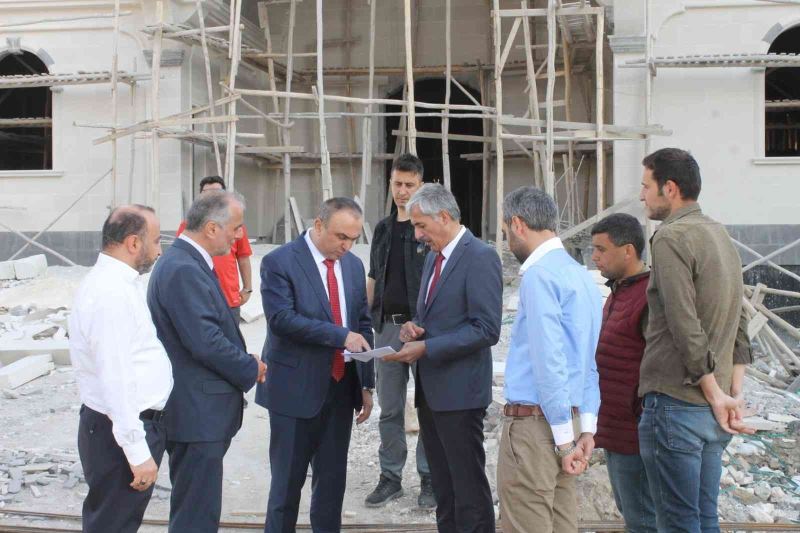 Vali Soytürk, cami ve kuran kursu inşaatlarında incelemelerde bulundu
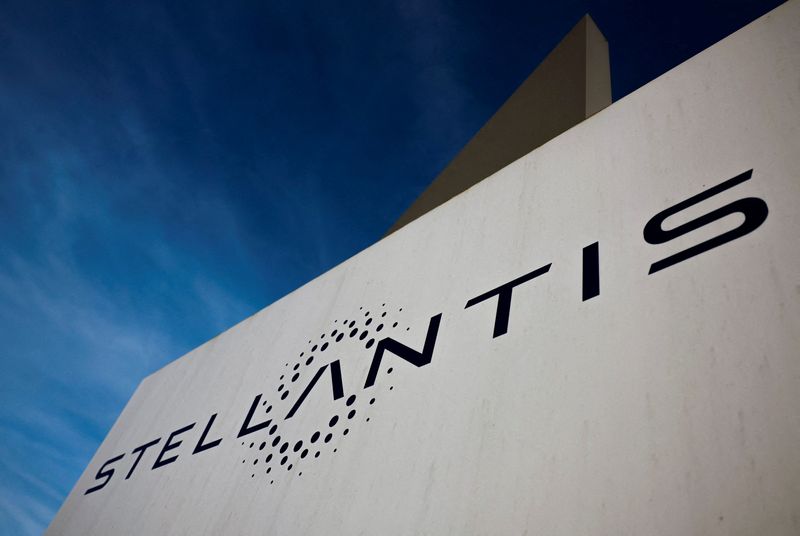 Stellantis, China’s CATL to invest $4.33 billion in EV battery factory in Spain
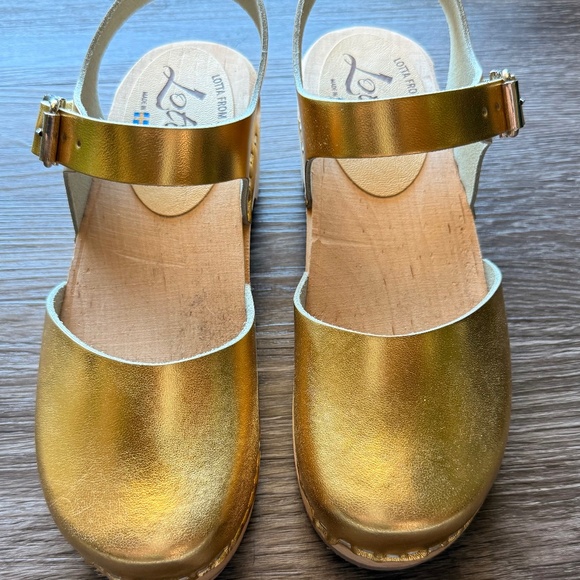 Lotta's Gold Clog Sandal Size 26 - Picture 1 of 4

■ **ABOUT THIS EXERCISE**
All of the data above should be printed again exactly, though none of the pictures belong in the copy.

■ **RESULT**
 Vali Soytürk, cami ve kuran kursu inşaatlarında incelemelerde bulundu
 Stellantis, China’s CATL to invest $4.33 billion in EV battery factory in Spain
 Lotta's Gold Clog Sandal Size 26 - Picture 1 of 4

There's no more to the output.